The researchers published their work in Nature Biotechnology, available online in advance on June 19, 2005. An accompanying News and Views commentary says this "landmark paper" provides "a compelling demonstration of the benefits of pre-vascularization for engineering larger pieces of tissue."

"When I came to work with Bob Langer for my postdoc, it was my dream to vascularize a tissue," recalls first author Shulamit Levenberg, who is now on the faculty of the biomedical engineering department at Technion in Haifa, Israel where she completed these studies. She chose to tackle muscles, since they depend on blood vessels interspersed with muscle fibers and also serve as a model for highly vascularized organs such as the liver, heart, and lung.

Levenberg theorized she needed to combine three cell types: myoblasts that form muscle fibers; endothelial cells that independently self-organize into vessel tubes; and fibroblasts that are the precursors for the smooth muscle cells that stabilize the vessel amidst the tissue’s gooey extracellular matrix. "No one had tried a 3-D tri-culture scaffold before. It’s hard enough to work with one cell type, let alone three!" explains senior author Langer, who is a pioneer in tissue engineering.

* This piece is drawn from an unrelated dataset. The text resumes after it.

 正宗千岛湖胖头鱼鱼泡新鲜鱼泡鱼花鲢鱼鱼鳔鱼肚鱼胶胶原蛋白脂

In vitro experiments validated Levenberg’s hypothesis: "The endothelial cells formed vessels, recruited the fibroblasts, and differentiated them into smooth muscle cells," she says. "The differentiated fibroblasts expressed the angiogenic growth factor, VEGF, which further stimulated vessel growth." The constructs measured 5mm by 5mm by 1mm.

For implantation in living animals, the lab used immunodeficient mice and rats that would not reject the human-derived endothelial cells. At the beginning of the project, Levenberg had isolated endothelial cells from human embryonic stem cells – a first. Human derivation is key for clinical use to avoid an immune rejection.

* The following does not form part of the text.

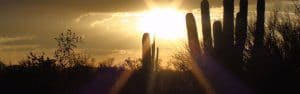 Tucson Arizona desert sunshine image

The animal studies progressed in stages. First, the researchers implanted a muscle construct under the skin, then inserted one within a leg muscle, and finally replaced a piece of a rat’s abdominal muscle with a construct, simulating a situation applicable to trauma victims, for instance. Later tissue staining showed that the implants’ vessels grew into the host tissue and the host’s vessels grew into the constructs.

But what good are blood vessels if they don’t deliver the goods – blood? Using two non-invasive live imaging techniques (labeled lectin injected into the tail vein and a luminescent luciferase-based system), the researchers could watch the host’s blood flow into the engineered vessels. About 41% of the constructed vessels became perfused with the hosts’ blood, meaning they functioned in the living body. "That’s pretty good for a first try," Levenberg asserts.

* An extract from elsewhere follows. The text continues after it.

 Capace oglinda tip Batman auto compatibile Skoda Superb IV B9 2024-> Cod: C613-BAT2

Importantly, twice as many of the cells survived in the tri-culture implants compared to implants without endothelial cells. "The myoblasts also became even longer tubes when implanted, and they began to align themselves with the host’s muscle fibers," Levenberg recounts.

"This tri-culture system shows a whole new way of creating a vascular network in the tissue," summarizes Langer. "We’ve also demonstrated another powerful use of human embryonic stem cells."

In addition to Kohane, Levenberg and Langer collaborated with Patricia D’Amore and Diane Darland at The Schepens Eye Research Institute, Evan Garfein at Brigham and Women’s Hospital, Robert Martin of MIT’s Division of Comparative Medicine, Richard Mulligan of Children’s Hospital and Harvard Medical School, Clemens van Blitterswijk at Twente University in the Netherlands, and present and former MIT graduate students Mara Macdonald Jeroen Rouwkema.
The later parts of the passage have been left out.